Two things which, overall, are very good for the Mozilla Project, worked together to start the process of update brokeness:

  • Changes to the mirror modules, which made the mirror module smaller, and thus all our mirrors around the world happier, caused certain build deliverables, namely nightlies, to no longer appear in locations… well… around the world. Some build machines had been configured to rely on specific mirrors and specific locations, which were no longer hosting those deliverables, so the downloads failed, and nightly patches could not be created
  • The host doing a lot of the heavy lifting for AUS was on a machine doing a bunch of other work. This machine was old and creaky, and we’ve been wanting to replace it with a machine that has all the spiffy RAIDed disks, and which is not completely overworked. This consisted of two subtasks:
    • Moving the AUS data from the old machine to the new machine
    • Using the version of the AUS server that is now in public CVS. Mike led the charge here, and released the server-side AUS components, beating me to the punch on releasing the patch-generation tools. We wanted to switch to this version of the code, which includes the exteremly useful always jump nightlies to the latest build-patch.

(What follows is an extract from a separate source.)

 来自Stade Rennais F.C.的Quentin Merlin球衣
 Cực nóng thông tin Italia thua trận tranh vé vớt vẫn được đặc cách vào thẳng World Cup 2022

All in all, these are all a very positive and useful set of changes, but… they all conspired together to break nightly updates in weird and wonderful ways.
After solving the FTP module change problem, we found that a lot of the nightly patch generation infrastructure had hardcoded path- and host-names, causing it to break after the move.
After fixing that, Mike and I found that the AUS server wasn’t returning the right results; this turned out to be an older instance of AUS running that hiccuped on some of the new data we were stuffing into it.
After fixing this, we spent some time fixing some assumptions through the patch generation and AUS server-side code regarding how nightlies get updated, namely the “jump everyone to the latest build functionality,” which was entirely new and had some implications we weren’t expecting. We’re currently working through those issues now, mainly in bugs 341752 and 342549.
Throughout debugging this, we’ve figured out a couple of areas to focus on for next time:

  • We need to investigate how to bring up (and use) an AUS staging server that nightlies point to, that is entirely different from the AUS production server. This will allow us to make and test changes to server-side AUS code without it affecting the production AUS system. This may seem like a “Well, duh” idea, and such testing is possible to some extent today, since the aus2-staging server is different from the aus2 server, but there are some client changes that may need to be made so that we can produce nightlies that point to a different server.
  • We need to focus on some automation tools around testing nightly updates. Mike and Nick Thomas (cf on IRC) have both done some excellent work in this area (Mike’s tests, which are available in CVS as part of the AUS package, and Nick’s tests, which query a different, more consumer-focused set of data), and we need to incorporate that into the nightly nagios checks we do for builds, because nightly updates for all active branches are priority build deliverables, and not having this is a problem.

A lot of people have wandered into #build, asking when updates are going to be back. I’ve had people wander by my desk and ask about them. We know they’re broken, and we’re working on fixing them.
But really, this isn’t good enough. So, I’ll be adding to the Build Team radar next month a focus on getting some verification automation up for knowing sooner when there are lacking nightly updates.
We don’t think lacking nightly updates is an acceptable state of affairs either and we aim to provide better service than that.
The first step to fixing the problem, though, will be better visibility into when it occurs.